→ **TASK INSTRUCTIONS**
Please write out only the lines from the line with "加大加厚手工花白色迷你小花盆diy送填充送草坪送车载无痕胶" to the line with "Silikon Menggosok Punggung", inclusive, exactly as they stand below, without the pictures.

→ **DATA FOR THE TASK**
= Beginning of Section =

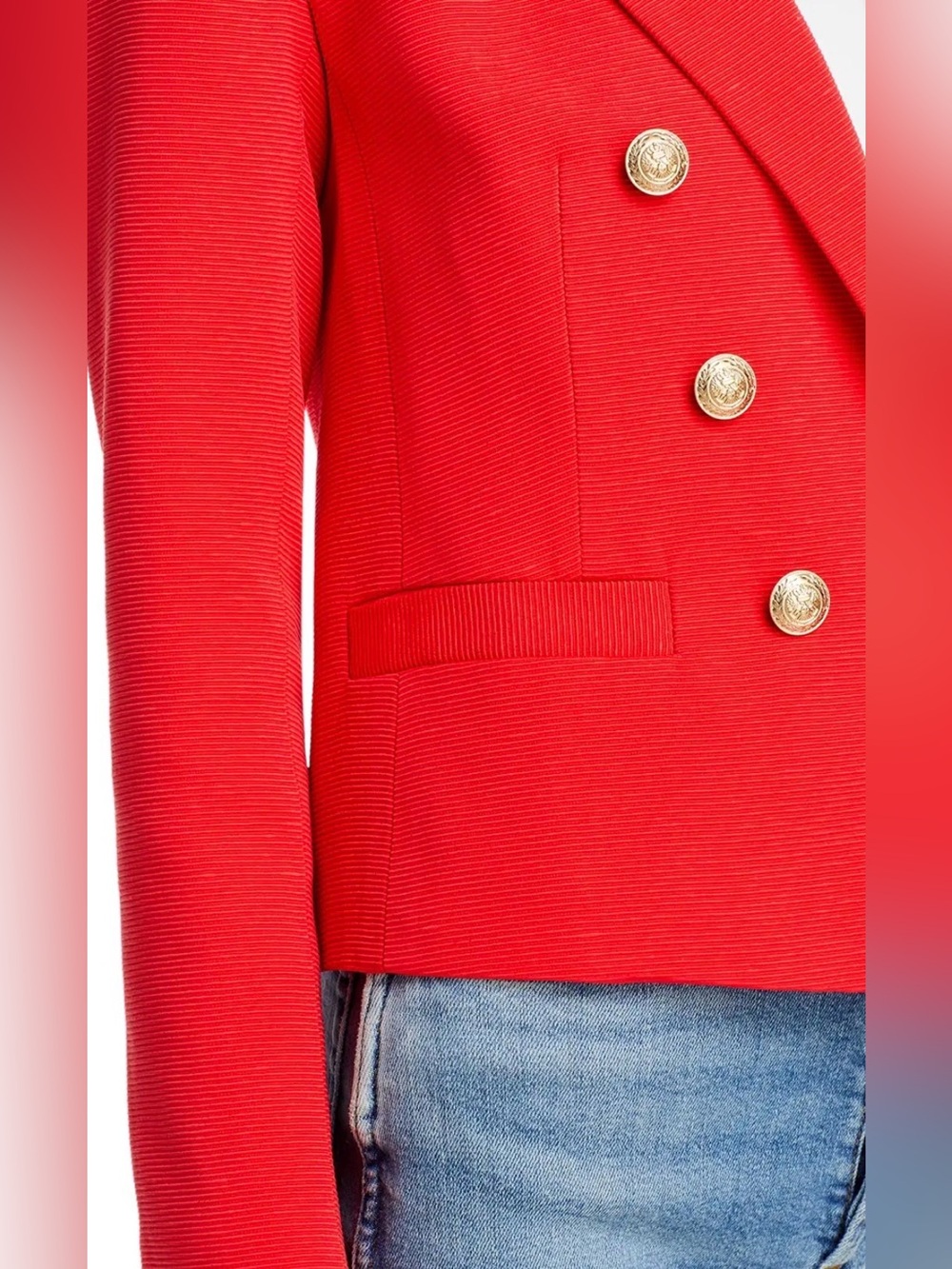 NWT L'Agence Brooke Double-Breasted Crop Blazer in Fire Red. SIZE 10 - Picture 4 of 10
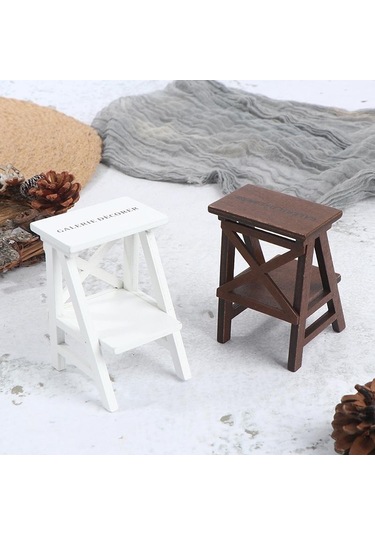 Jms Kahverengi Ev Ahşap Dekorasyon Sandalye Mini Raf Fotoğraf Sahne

= End of Section =
= Beginning of Section =

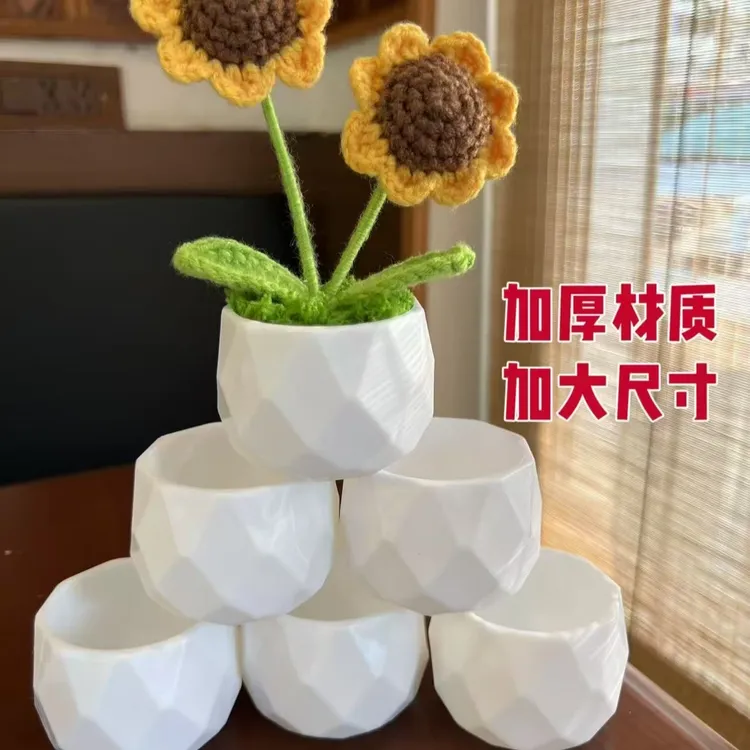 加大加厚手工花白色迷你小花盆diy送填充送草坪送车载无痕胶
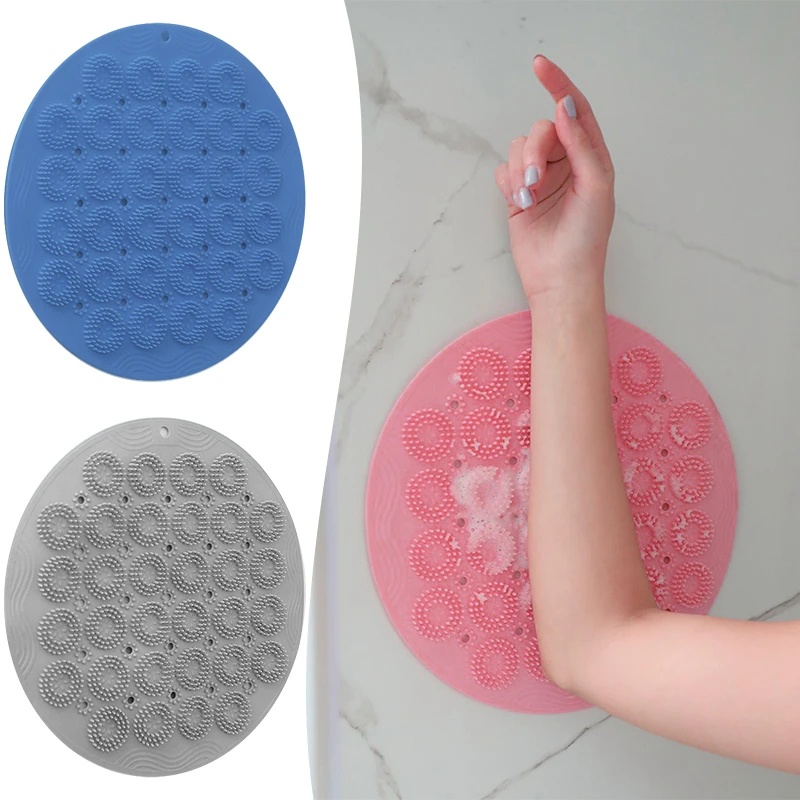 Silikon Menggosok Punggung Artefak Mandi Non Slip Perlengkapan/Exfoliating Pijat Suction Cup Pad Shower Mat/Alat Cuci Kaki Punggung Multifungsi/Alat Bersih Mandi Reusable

= End of Section =
= Beginning of Section =

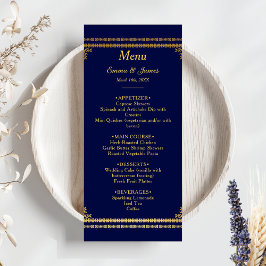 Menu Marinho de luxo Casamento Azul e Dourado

= End of Section =

→ **ANSWER FOR THIS EXERCISE**
 加大加厚手工花白色迷你小花盆diy送填充送草坪送车载无痕胶
 Silikon Menggosok Punggung Artefak Mandi Non Slip Perlengkapan/Exfoliating Pijat Suction Cup Pad Shower Mat/Alat Cuci Kaki Punggung Multifungsi/Alat Bersih Mandi Reusable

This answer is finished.